In 1919, two Cofer brothers borrowed $500 to open a small country store in what was then rural downtown Tucker, GA. That investment grew into a thriving enterprise that included one of the busiest building supply companies in metro Atlanta, one that held its own against corporate giants like Home Depot, Lowe’s and the many other independent lumber yards around metro Atlanta.
The home building industry — which had become the core of Cofer Brothers — hit a screeching halt in 2009 as the country fell into a recession. Company leader Chip Cofer was determined not to become a statistic — he was committed to keeping the family business alive.
And as the saying goes, when one door closes another one opens.
“My dad had one hobby outside of our business and helping raise five children — collecting cars,” says Chip Cofer, today the CEO of the 100-year-old Cofer Brothers. “That hobby turned out to be just what we needed at the right time.”
Through that hobby came a friendship with local businessman who provided cars to movies, and like many thriving in Georgia’s film and television production industry, one introduction leads to many opportunities. For Chip, that was an introduction to the person buying the materials for a local set in Tucker.
“I saw the set, and thought, wow, this takes a lot of material. We can do this — this is what we do,” Chip says.
It was the beginning of Cofer Studio Supply, the division of Cofer Brothers that supplies materials to film and television productions around Georgia. Still based in Tucker, Cofer Brothers today employees about 50 people, including fourth-generation members of the Cofer family. The company’s sales manager, Steve Young, has worked for Cofer Brothers for nearly 50 years. The average length of employment for the team is 15 years. Katie Cofer-Scott, Chip’s daughter, and Kenny Wiggins handle the Cofer Studio Supply sales side of the business.
Film and television productions make up about a third of Cofer Brothers’ business, Chip says. The company is currently servicing about 35 production, and counts among its satisfied customers “Black Panther,” “Ozark,” and “Stranger Things.”

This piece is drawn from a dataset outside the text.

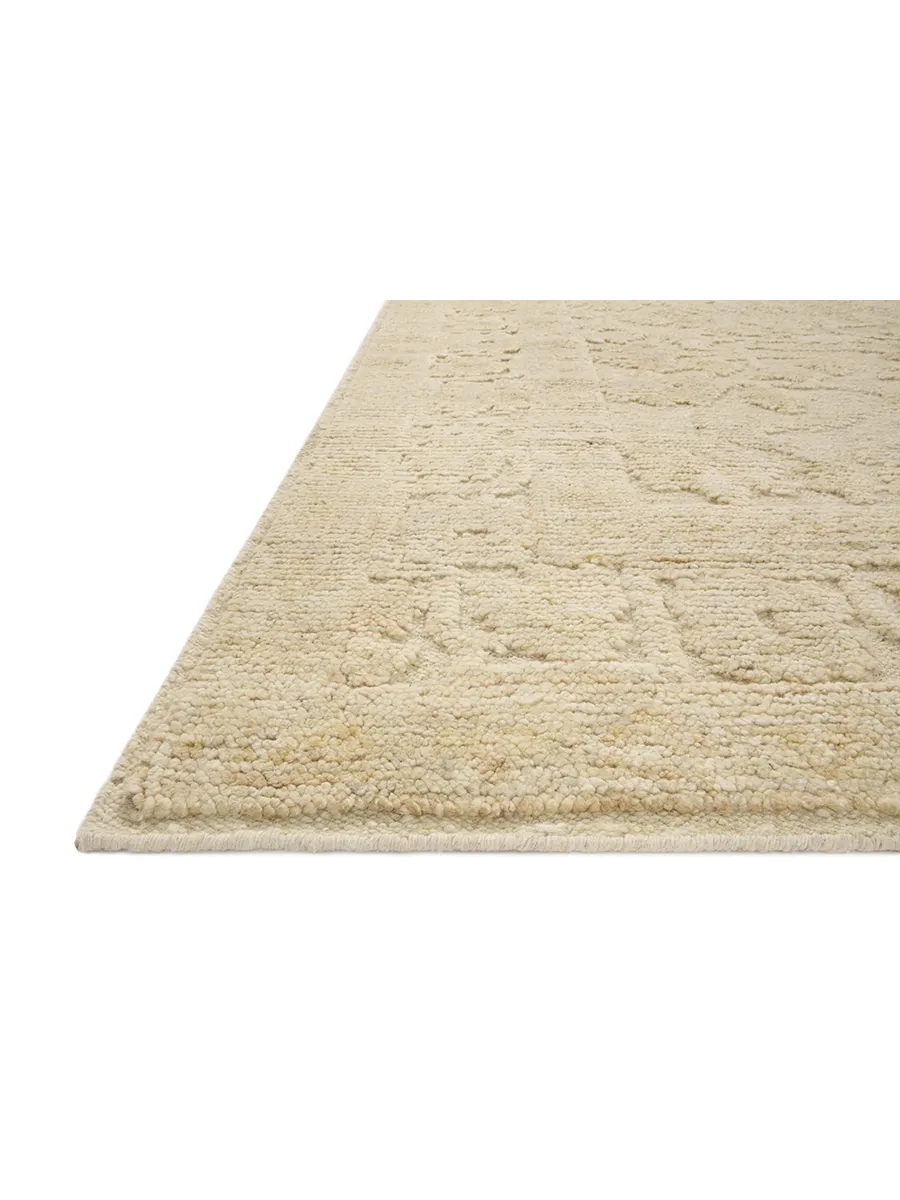 Emilia EMI04 2'6" x 11'6" Rug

“The movie and TV business roared into Georgia like a freight train,” says Chip, who says he’s been a big fan of the business since he rode in a Cofer Brothers truck in scenes in “Smokey and the Bandit” as a teenager. “It’s a huge part of our story, and gave us the new life we needed to pull through a tough time in our history.
“A hundred years later, Cofer Brothers is still going strong.”